El centinela le dio las gracias y, como recompensa, dos burros cargados con oro, que le fueron siguiendo.
Finalmente llegó a la ciudad cuya fuente estaba seca.
Allí le comunicó al centinela lo que el diablo había dicho:
—En la fuente, bajo una piedra, hay un sapo; buscad- ¡o y matadlo, que la fuente volverá a manar vino en abun­dancia.
El centinela le dio las gracias y, como el otro, dos burros cargados con oro.
Por fin regresó el niño de la suerte a su hogar, y a su mujer, que se alegró de todo corazón al verlo y al saber que todo le había salido bien. Al rey le llevó lo que le había pedido: los tres pelos de oro del diablo; y cuando vio los cuatro burros cargados de oro, se puso muy con­tento y dijo:
—Bien, ya están cumplidas todas las condiciones y puedes quedarte con mi hija. Pero querido yerno, dime, por favor: ¿de dónde has sacado todo ese oro? ¡Se trata de grandes riquezas!
—Crucé un río en una barca —respondió el joven—, y allí lo recogí del suelo; porque en su orilla lo hay en vez de arena.

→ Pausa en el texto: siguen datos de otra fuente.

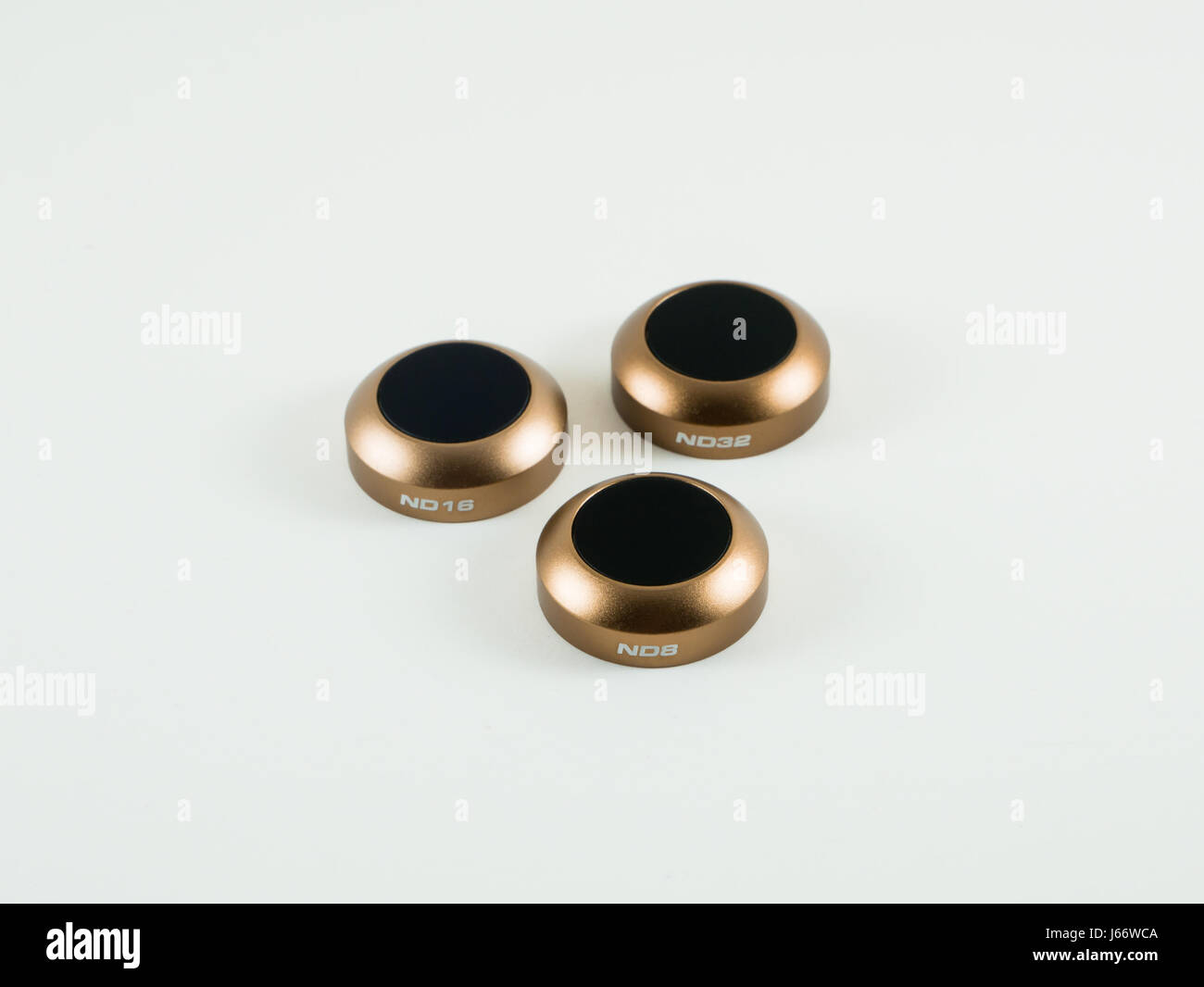 Three Neutral Density filters aligned in the centre of the image Stock Photo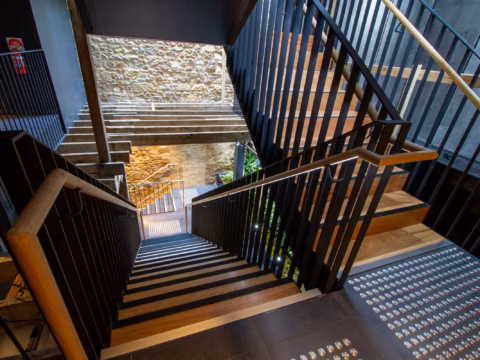 Timber and steel stair linking the heritage buildings at Wharfstone Hotel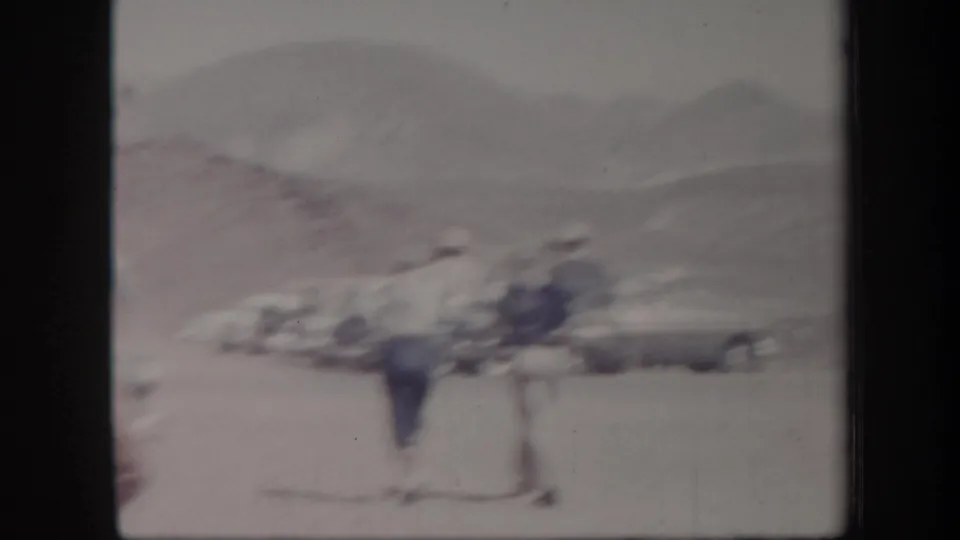 Soft 8mm view of visitors and cars in an Arizona outdoor parking area, with pale hills in the distance.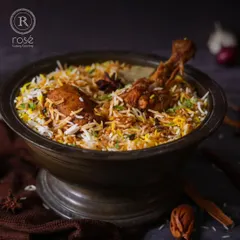 A rich and aromatic Chicken Biryani, cooked with long-grain basmati rice and fragrant spices. This dish is an epitome of luxury, meticulously crafted by our culinary maestros for an unmatched dining sensation.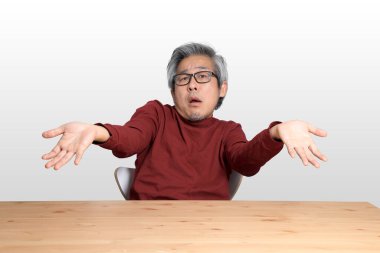 Beyaz arka planda, masada oturan kıdemli Asyalı adam..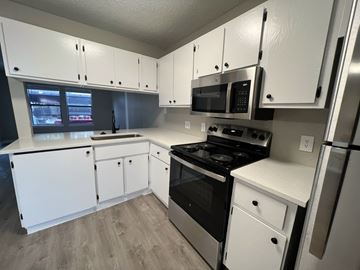 Austin apartment for rent - A kitchen with white cabinets and appliances.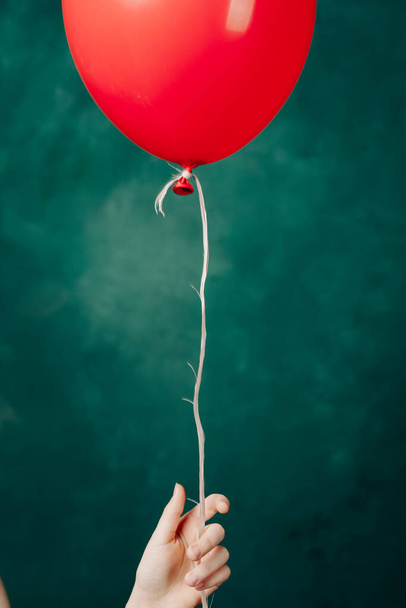 czerwony balon w dłoni na zielonym tle leci w górę z bliska - Zdjęcie, obraz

—¿Puedo ir a recogerlo yo también? —preguntó el rey con avaricia.
—Todo cuanto queráis
—respondió el otro—; allí en­contraréis a un barquero; haced que os pase a la otra orilla, y allí podréis llenar vuestros sacos.
El ambicioso rey se puso en marcha precipitadamente, y al llegar al río hizo señas al barquero para que lo pasara al otro lado. El barquero se acercó y le invitó a montar en la barca; y cuando llegaron a la orilla opuesta le puso el remo en las manos y saltó a tierra. El rey, como cas­tigo a sus pecados, tuvo que remar desde ese momento.

—¿Sigue aún remando?
—¡Ya lo creo! Nadie ha ido a quitarle el remo de la mano.